Hi, so these deformed platys are my second batch of platy fry. From the first set, 3 lived. From this one I've got about 12-13. The count depends on how still they are. But many of them are super deformed!!!

This batch was too small to put with the 3 older ones and too small to roam the tank free with a lot of fry eating gluttonous adult platys. My breeder box for them(a two way with the divider removed) was occupied by the 3 older fry so I raised them for the first month in a scoop net. It was our largest net and I'd say was able to hold about 2cups if it was solid. They were then moved to a 30 gallon tank into the breeder box, and the 3 older fry were released into the tank. 

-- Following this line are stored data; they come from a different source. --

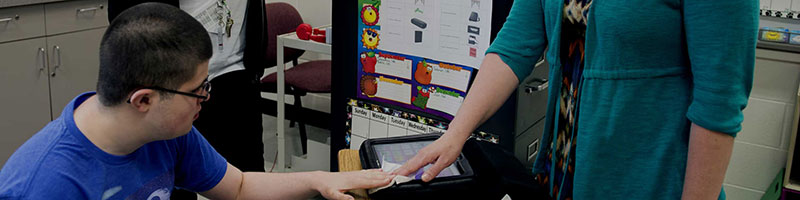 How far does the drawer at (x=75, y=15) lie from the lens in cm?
354

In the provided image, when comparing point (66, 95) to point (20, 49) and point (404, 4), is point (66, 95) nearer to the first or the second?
point (20, 49)

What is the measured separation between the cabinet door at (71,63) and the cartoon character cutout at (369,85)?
63.2 inches

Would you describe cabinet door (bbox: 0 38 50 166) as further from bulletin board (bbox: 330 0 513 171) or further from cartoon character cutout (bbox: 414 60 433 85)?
cartoon character cutout (bbox: 414 60 433 85)

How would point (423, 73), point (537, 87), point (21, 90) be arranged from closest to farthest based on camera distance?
point (537, 87) → point (423, 73) → point (21, 90)

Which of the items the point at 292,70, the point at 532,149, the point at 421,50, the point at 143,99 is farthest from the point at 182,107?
the point at 292,70

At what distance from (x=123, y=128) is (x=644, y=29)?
0.79m

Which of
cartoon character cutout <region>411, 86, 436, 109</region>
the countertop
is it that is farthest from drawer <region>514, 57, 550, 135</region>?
the countertop

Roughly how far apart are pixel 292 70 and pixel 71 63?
1091 millimetres

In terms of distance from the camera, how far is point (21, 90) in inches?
139

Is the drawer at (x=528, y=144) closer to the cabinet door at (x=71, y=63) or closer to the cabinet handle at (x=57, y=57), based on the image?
the cabinet door at (x=71, y=63)

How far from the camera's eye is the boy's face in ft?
3.80

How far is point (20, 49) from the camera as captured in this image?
3447mm

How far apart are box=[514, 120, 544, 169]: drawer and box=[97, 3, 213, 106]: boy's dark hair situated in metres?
1.50

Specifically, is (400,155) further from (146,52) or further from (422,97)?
(422,97) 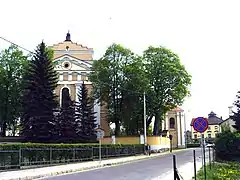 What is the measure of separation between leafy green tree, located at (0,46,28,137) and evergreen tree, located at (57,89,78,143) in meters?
10.8

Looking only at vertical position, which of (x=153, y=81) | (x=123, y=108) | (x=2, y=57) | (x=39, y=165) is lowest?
(x=39, y=165)

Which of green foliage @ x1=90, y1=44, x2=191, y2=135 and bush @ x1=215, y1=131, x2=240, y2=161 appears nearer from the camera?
bush @ x1=215, y1=131, x2=240, y2=161

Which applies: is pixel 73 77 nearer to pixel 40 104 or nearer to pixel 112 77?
pixel 112 77

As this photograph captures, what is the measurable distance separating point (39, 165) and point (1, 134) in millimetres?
32403

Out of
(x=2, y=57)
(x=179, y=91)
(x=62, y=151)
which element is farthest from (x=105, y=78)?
(x=62, y=151)

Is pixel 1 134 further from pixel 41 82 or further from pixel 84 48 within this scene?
pixel 84 48

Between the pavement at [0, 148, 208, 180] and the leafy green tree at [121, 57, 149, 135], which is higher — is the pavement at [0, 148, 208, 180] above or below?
below

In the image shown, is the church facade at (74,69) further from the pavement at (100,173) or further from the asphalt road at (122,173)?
the asphalt road at (122,173)

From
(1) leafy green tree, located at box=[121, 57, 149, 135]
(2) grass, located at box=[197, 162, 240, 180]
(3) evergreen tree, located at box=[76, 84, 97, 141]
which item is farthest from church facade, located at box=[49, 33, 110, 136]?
(2) grass, located at box=[197, 162, 240, 180]

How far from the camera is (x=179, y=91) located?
58.0 metres

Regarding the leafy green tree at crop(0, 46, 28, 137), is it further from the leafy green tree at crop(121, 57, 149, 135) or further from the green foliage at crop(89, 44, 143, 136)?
the leafy green tree at crop(121, 57, 149, 135)

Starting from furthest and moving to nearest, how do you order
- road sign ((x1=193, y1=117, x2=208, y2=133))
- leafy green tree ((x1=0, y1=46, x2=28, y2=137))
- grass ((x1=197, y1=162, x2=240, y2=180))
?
leafy green tree ((x1=0, y1=46, x2=28, y2=137)) < grass ((x1=197, y1=162, x2=240, y2=180)) < road sign ((x1=193, y1=117, x2=208, y2=133))

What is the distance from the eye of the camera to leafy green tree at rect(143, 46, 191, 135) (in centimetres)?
5800

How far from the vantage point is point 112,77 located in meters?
56.0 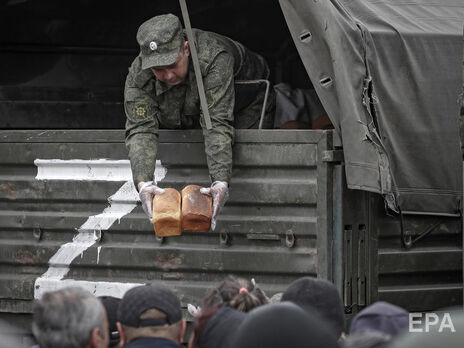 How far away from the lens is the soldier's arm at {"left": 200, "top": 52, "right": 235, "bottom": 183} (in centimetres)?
586

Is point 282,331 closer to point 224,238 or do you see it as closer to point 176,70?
point 224,238

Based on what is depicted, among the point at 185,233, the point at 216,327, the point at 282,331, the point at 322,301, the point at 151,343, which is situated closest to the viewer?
the point at 282,331

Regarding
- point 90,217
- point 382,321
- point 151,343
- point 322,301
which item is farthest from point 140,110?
point 382,321

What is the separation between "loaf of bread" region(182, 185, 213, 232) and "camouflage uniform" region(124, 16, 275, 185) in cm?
14

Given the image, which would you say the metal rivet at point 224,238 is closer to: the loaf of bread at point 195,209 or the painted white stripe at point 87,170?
the loaf of bread at point 195,209

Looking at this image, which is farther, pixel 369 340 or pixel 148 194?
pixel 148 194

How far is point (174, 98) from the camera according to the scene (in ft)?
20.7

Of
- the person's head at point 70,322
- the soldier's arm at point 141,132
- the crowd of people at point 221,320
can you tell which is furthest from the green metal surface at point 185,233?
the person's head at point 70,322

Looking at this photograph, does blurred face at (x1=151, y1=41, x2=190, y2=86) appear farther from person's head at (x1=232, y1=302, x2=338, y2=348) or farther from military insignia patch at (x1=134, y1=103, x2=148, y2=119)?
person's head at (x1=232, y1=302, x2=338, y2=348)

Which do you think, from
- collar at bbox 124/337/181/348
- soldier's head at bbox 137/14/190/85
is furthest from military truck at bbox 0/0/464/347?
collar at bbox 124/337/181/348

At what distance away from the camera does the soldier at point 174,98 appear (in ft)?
19.3

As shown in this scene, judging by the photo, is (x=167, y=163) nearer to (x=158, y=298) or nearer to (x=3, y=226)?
(x=3, y=226)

I'd like to know why they're deformed in order to prevent future deformed platy babies! Did raising them in that net cripple them? Also what should I do with these deformed ones? Also, try and be polite, I'm not an expert fish-taker-carer, but I'm learning. ><!

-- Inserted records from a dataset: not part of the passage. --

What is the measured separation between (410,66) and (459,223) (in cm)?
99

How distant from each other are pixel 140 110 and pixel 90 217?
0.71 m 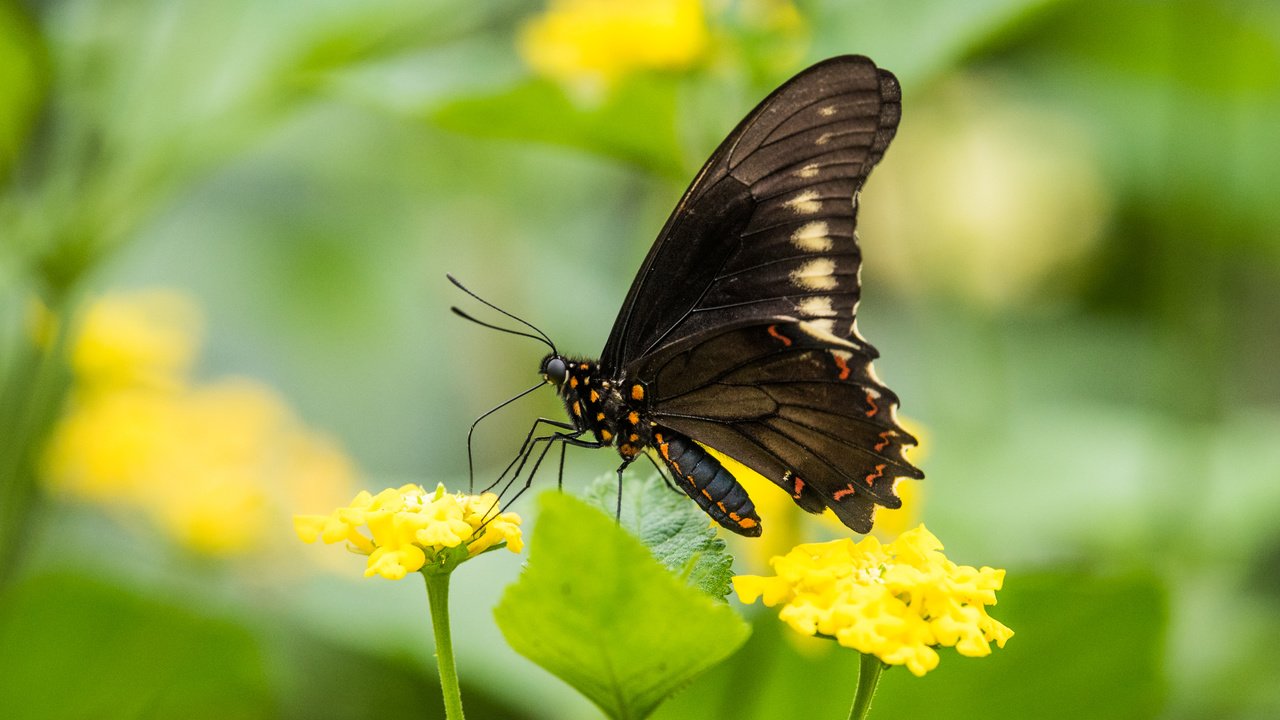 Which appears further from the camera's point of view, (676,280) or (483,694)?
(483,694)

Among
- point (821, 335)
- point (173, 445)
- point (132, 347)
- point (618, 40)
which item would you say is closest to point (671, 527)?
point (821, 335)

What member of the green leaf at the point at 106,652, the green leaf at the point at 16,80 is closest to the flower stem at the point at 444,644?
the green leaf at the point at 106,652

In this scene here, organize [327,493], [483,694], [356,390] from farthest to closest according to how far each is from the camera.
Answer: [356,390] → [327,493] → [483,694]

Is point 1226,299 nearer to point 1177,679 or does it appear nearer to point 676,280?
point 1177,679

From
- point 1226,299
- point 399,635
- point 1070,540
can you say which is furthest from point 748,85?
point 1226,299

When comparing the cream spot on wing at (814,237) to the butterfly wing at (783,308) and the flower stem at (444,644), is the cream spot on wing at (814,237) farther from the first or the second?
the flower stem at (444,644)

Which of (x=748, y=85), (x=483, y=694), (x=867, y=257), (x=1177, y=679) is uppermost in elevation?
(x=867, y=257) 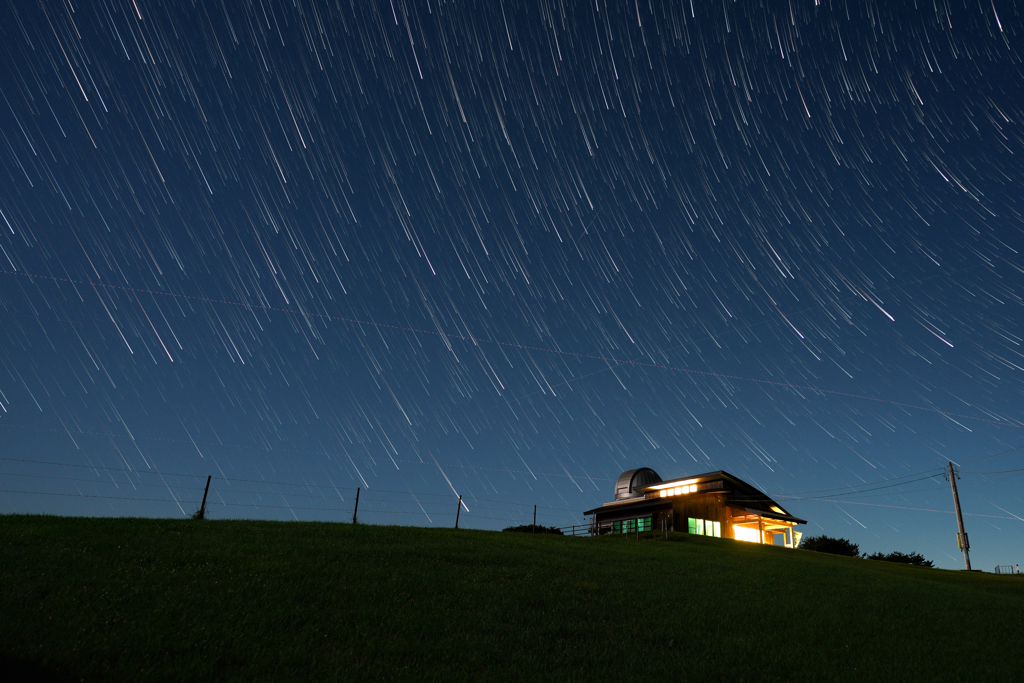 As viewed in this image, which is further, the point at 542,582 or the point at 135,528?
the point at 135,528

Here's pictures of the deformed fry(and some non-deformed)


----------



## OneFishTwoFish (Apr 16, 2009)

My guess is either the stock your breeding from came from the same batch of fry and are therfore unsuitable to breed together, or the net had something to do with it. Buut, I am just a newbie too, so lets wait and see what some of the other fish-a-holics say.


----------



## betta0fish (Feb 16, 2009)

i think it may have been something with the parent genes although there are many other things that could have caused the deformation


----------



## Christopher W. (Jul 7, 2009)

something must have gone wrong with the pregnancy.was the mother stressed out before the fry were born?:fish:


----------



## mousey (Jan 18, 2005)

my last batch of platies had the same tail issues and the backs seemed to be extra long- just somehow out of proportion.
Out of the 18 that were born there are 3 left and one will be going soon I expect. he looks just like yours.They are 3 months old.
This is the first time I have had this problem in 5 years of breeding them but this time Siblings mated. I Added a new male about 2 years ago but genetically the fish are pretty much the same.
I suspect the fry and too inbred.


----------



## rskb3467 (Mar 29, 2009)

I would agree with the inbreeding causing a deficiency or could also be something with the water(unless its clean and everything is normal). have u been breeding the 2 same platys for awhile? if u have different males and one female, maybe ur female is carrying a bad gene? I am no pro so this is just a guess. hopefully you can figure out what it is cuz it sucks to see fish like that! good luck!


----------



## Guest (Jul 13, 2009)

it has to do with the inbreeding going on now a days. are your males and females from the same local fish store? if you really want healthy fry, get the males and females from diff suppliers, least thats what i do and am yet to see a deformed/malgrowth fry from my last 15 years of breeding live bearers. 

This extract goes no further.